Databricks Community

alexisjohnson · ‎11-18-2021

Hi, I'm wondering if this is the expected behavior when using last or last_value in a window function? I've written a query like this:

select
    col1,
    col2,
    last_value(col2) over (partition by col1 order by col2) as column2_last
from values
    (1, 10), (1, 11), (1, 12),
    (2, 20), (2, 21), (2, 22);

In Snowflake I get the following results. The behavior feels right, since we're partitioning by col1 and ordering by col2 (https://docs.snowflake.com/en/sql-reference/functions/last_value.html).

Screen Shot 2021-11-18 at 12.48.25 PM

In Databricks, I get:

Screen Shot 2021-11-18 at 12.48.32 PM It seems like the ORDER BY doesn't get applied... Perhaps I am writing the query incorrectly?
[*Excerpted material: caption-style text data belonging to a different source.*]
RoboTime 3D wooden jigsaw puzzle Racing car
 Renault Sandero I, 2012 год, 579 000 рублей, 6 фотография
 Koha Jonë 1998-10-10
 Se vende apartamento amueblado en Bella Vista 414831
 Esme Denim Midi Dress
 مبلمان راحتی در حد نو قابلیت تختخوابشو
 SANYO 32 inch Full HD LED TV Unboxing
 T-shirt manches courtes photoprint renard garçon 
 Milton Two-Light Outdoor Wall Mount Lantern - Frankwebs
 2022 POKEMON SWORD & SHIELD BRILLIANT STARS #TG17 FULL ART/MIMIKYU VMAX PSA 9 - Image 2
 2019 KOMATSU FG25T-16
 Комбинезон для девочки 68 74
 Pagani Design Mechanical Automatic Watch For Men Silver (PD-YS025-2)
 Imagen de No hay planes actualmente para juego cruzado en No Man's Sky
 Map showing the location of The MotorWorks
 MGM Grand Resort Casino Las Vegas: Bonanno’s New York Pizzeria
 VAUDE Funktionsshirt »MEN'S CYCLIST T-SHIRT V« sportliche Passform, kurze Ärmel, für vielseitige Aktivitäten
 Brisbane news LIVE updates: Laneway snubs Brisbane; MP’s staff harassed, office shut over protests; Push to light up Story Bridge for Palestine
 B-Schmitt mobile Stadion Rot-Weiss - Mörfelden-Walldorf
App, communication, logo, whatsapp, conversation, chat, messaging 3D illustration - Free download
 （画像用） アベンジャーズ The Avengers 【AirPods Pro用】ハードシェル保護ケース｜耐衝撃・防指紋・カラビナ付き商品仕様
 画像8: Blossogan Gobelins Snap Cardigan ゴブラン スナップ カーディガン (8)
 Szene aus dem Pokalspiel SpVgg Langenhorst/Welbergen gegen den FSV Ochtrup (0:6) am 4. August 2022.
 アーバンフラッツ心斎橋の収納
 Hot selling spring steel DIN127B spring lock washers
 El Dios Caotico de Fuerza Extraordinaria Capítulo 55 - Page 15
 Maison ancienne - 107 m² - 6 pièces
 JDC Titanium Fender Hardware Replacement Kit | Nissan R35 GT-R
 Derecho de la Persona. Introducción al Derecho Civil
Any insight into this behavior would be very helpful. Also, I'm curious why last and last_value are synonyms? https://docs.databricks.com/sql/language-manual/functions/last.html

Thanks!

Anonymous · ‎11-19-2021

@Alexis Johnson - Here is where you can open a support ticket:

Contact Us

View solution in original post

Hubert-Dudek · ‎11-18-2021

yes indeed it looks like a bug with LAST_VALUE,

Min gives correct results:

Max hmm only when desc is specified (shouldn't affect as max is max but only with descending sorting it works as should be):

for last_value is exactly like on your example (so nothing helps - I tried many ways).

@Kaniz Fatma maybe someone from inside databricks could look at it

alexisjohnson · ‎11-18-2021

Agreed. Interesting find that `max` behaves funny when `desc` isn't specified.

I'd also note that `first_value` yields the correct result.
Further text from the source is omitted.